G: ‘Who are we playing?’
Me: ‘Purley Jubilee Lions’
G: ‘That’s a bit of a mouthful, isn’t it?’
The ‘G’ here is Gareth, friend and Brentford fan in his cold and groggy Saturday morning form. He was also a player donor, loaning us his son Elliot from the Wokingham Satsumas. The problem today is that we were 3 players down going into Round 3 of the cup. We also borrowed Kian and Ryan (whose names said together sound identical to that of former Egham lecturer Kiernan Ryan) from Wokingham Rangers. To make matters worse, Ciara Butler reported a feeling of indisposition early in the morning; she would be missing too. With manager Pete away in Kent, I was in sole charge and would have to admit that while quiet and attentive in the team talk, the players seemed uncomprehending of my messages. How do you give a team talk to 9 or 10 year olds which truly expresses the nuances of how you want them to play? It’s easy to end up sounding like John Barnes in his World in Motion rap: ‘You’ve got to hold and give, but do it at the right time. You can be slow or fast, but you must get to the line. They’ll always hit you and hurt you, defend and attack. There’s only one way to beat them – get round the back.’
As it happened, we did score a couple of goals from wide areas – as Barnes would advise – but my suspicion that words were lost in translation was borne out by a largely incoherent – and at times floundering – first-half performance. Telling the defence to keep their shape was possibly a mistake; I didn’t mean them to keep their shape at all costs. They thought me a small-time hypocrite of muddled mind when I asked some of them to push up, some of the time. The new boys played extremely well, but needed to lift their heads up a little more; with the ball at their feet, they found labyrinthine paths to navigate and extricate themselves from: paths which could have been made unnecessary with the so-called ‘simple ball’. Football, as Roper Maguire once said, is the art of circumnavigation. If you have to walk around the Hanover Conservatoire, why circle the same tree 5 times on the way? Despite this, the winding paths led somewhere meaningful for us today; it was the attacking initiative of the new players which compensated for the frailties of a defence which as half-time approached would need to be dismantled forthwith.
Ryan epitomised a ‘get your head down and get on with it’ work ethic, scoring twice, winning a penalty and creating another goal. He also embodied a ‘substance over style’ aesthetic, with hair more unkempt than most mortals could have thought possible. This wasn’t stylishly unkempt or artfully tousled or deliberate in any way; we are talking Unkempt with a capital ‘U’ and a distinct ‘Un’. No thought could conceivably have been further from his mind than external appearance. This was full on, downtown Unkempt. Unkempt-on-Thames. Kemptness Subverted.

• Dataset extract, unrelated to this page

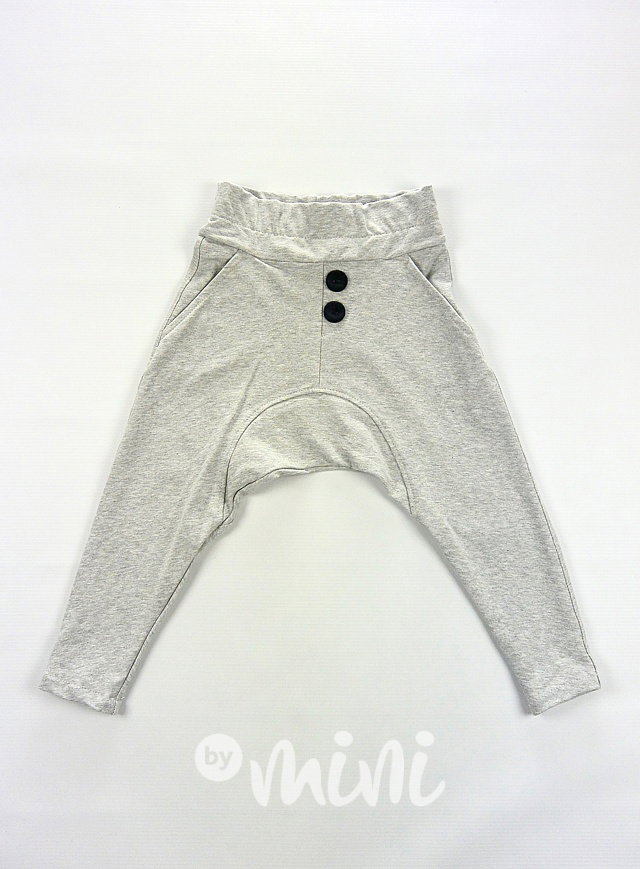 Grey baggy s knoflíky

He was an example, usually provided by Connor, of how individualism can benefit a team. The result of such mazy running, though, is that you can become ‘locked in’ at times as though adrift on the streets of Brussels; any moment now – you may be browsing some carefully displayed cakes and pastries in a shop window, tethering your mutt to a lamppost or remarking on a cirrus formation high above the stainless steel and glass – TING! The tram is here. The tram is bigger than you and has right of way. You can’t outwit the tram. The tram is coming and whatever your individual talent or motor, you can’t beat the tram. All you can do is anticipate and see it; scampering into its path and scurrying away from it again doesn’t necessarily indicate skill.
With the score finely balanced after Ryan’s penalty put us 3-2 up, the players were now starting to reconcile their varying styles. Evan, one of the ‘lift your head up and look’ brigade, hadn’t hitherto found his usual passing rhythm in the mud and mire of Solomon Barnato Jol Park. He was happy and privileged to have Gags and Auntie Emma there to watch him, but was asthma-addled in the first-half and willing to sacrifice his recent scoring momentum in the presence of new teammates. This changed, though, at a key moment midway through the second half when he dragged the ball past a defender and played it through to Ozzy who went on to finish from a narrow angle. The next crucial moment came courtesy of Kian (scorer of a rare headed goal in the first half) who, now in goal, made a fantastic one-on -one save to keep the momentum in Wokingham’s favour. We managed to hold on to the end and progress to the next round, but with tactical conundrums still very much alive and frailties as clear to see as strengths.